Artificial Intelligence: The Pope’s Concerns
Nowadays, everyone has an opinion on artificial intelligence (AI) and its potential risks. Even Pope Francis — the head of the Catholic Church — warned humanity of AI’s potential dangers and explained what needs to be done to control it. The Pope wants to see an international treaty to regulate AI to ensure it is developed and used ethically. Otherwise, we risk falling into the spiral of a “technological dictatorship.” The threat of AI arises when developers have a “desire for profit or thirst for power” that dominates the wish to exist freely and peacefully, he added.

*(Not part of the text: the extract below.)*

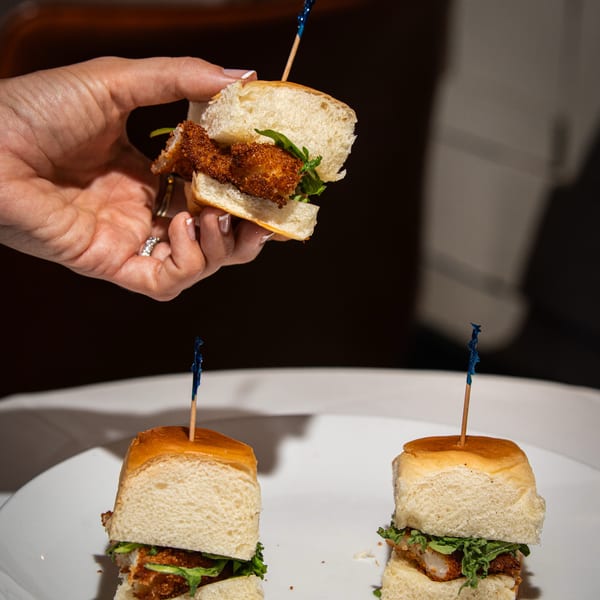 A hand holds a mini fried chicken slider above two more on a white plate.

The Financial Stability Oversight Council’s Warning
The Financial Stability Oversight Council (FSOC) has also expressed concerns about AI. In its annual report, the organization emphasized that AI carries specific risks, such as cybersecurity and model risks. It suggested that companies and regulators enhance their knowledge and capabilities to monitor AI innovation and usage and identify emerging risks. According to the report, specific AI tools are highly technical and complex, posing challenges for institutions to explain or monitor them effectively. The report warns that companies and regulators may overlook biased or inaccurate results without a comprehensive understanding.
UK Judges’ Guidance on AI
Judges in the United Kingdom are also considering the risks of using AI in their work. Four senior judges have issued guidance for AI usage in courts and tribunals. While there are potentially useful instances of AI, such as summarizing texts or composing emails, the guidance cautions judges against consuming false information produced through AI searches and summaries. It advises judges to be vigilant about anything false being produced by AI in their name and strongly discourages using AI for legal research and analysis.
Tether Collaborates with FBI
Tether, the company behind the stablecoin Tether (USDT), has onboarded the Federal Bureau of Investigation (FBI) to its platform as part of collaboration efforts with law enforcement. This move comes after Tether disclosed letters directed to U.S. lawmakers addressing requests for intervention by the Department of Justice (DOJ) about the illicit use of its stablecoin. Tether assured that it has implemented measures like a Know Your Customer program, transaction monitoring, and surveillance monitoring tools to track client activity continuously.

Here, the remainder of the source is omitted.